Je vous laisse les découvrir, me contentant ici de quelques mots sur le dernier (et sur la conclusion). La « répression versaillaise » ici est essentiellement la répression « légale », après la Semaine sanglante. À travers les efforts faits par Johann Konrad Kern (ministre plénipotentiaire de Suisse en France) et Charles Lardy (son secrétaire) pour venir en aide aux ressortissants suisses prisonniers de Versailles (ceux connus et recensés, au moins), c’est une réalité bien méconnue de la façon dont a fonctionné la « justice » militaire que Marc Vuilleumier nous laisse entrevoir.

C’est un sujet qui n’a guère été abordé par l’historiographie de la Commune, en dehors de l’analyse de quelques procès de personnalités,

remarque-t-il.
En effet.
Bien des « Procès des communards » restent à écrire.

Au cours de cette étude passionnante, l’historien dresse, à la suite de la légation, un portrait de quelques-unes des 197 personnes arrêtées, restées en « détention préventive » (concrètement, sur les pontons) en moyenne six mois et 21 jours, et dont 148 ont bénéficié d’un non-lieu.

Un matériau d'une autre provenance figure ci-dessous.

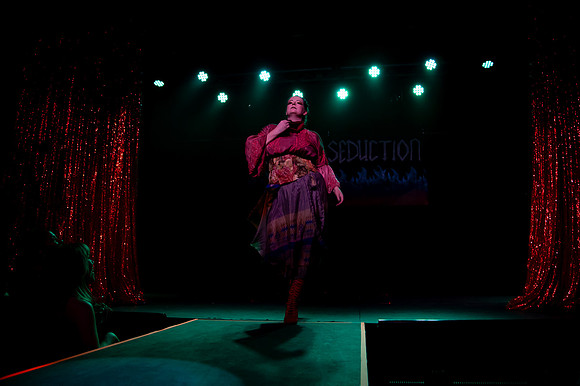 Steel and Seduction – A Night of Grit, Glam, and Fire at Metro Music Hall8372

Les trois quarts, ce qui est la proportion des non-lieux dans l’ensemble de tous les prisonniers. Peut-être les Suisses se sont-ils sentis davantage soutenus que leurs camarades français…

C’est une des choses que dit, par exemple, Gaspard Elmer, dans une lettre du 25 juin 1872, reproduite dans les annexes du livre de Marc Vuilleumier et que je vais reproduire aussi, dans le prochain article. Il y raconte aussi tout ce qui lui est arrivé depuis le 22 mai de l’année précédente.

En attendant cette lettre, je conclurai cet article par… la conclusion du livre. Elle raconte l’action (et, surtout, la non-action), un siècle plus tard, de la Suisse, de son ambassade à Santiago du Chili, de son gouvernement, à l’automne 1973.

C’est grâce à une association, Action Place gratuite, que, en deux ans et demi d’activité, environ 400 personnes ont pu quitter le Chili et arriver en Suisse. À la même époque, le pays accueillait chaque année plus de mille personnes fuyant les régimes communistes de l’est de l’Europe.

Un rapport avec l’actualité??? Voici le tout dernier paragraphe du livre:

On trouvera peut-être que ce rappel de faits remontant à 45 ans est hors de propos dans une étude historique portant sur les années 1870 à 1872. Il me semble pourtant que l’histoire nous conduit à nous poser des questions sur des périodes ultérieures, sur notre présent, sur le monde dans lequel nous vivons, sur notre attitude à l’égard des problèmes actuels. Ces questions, ce n’est pas mon rôle d’y répondre, mais j’espère qu’à la lecture de ces pages, le lecteur se les posera et tentera d’y apporter se propre réponse. C’est dans ce sens que la juxtaposition de la politique suisse de 1870-72 et celle de 1973-76 se justifie. Et le lecteur sera peut-être aussi amené à réfléchir sur d’autres faits, d’autres situations plus récentes de notre monde actuel.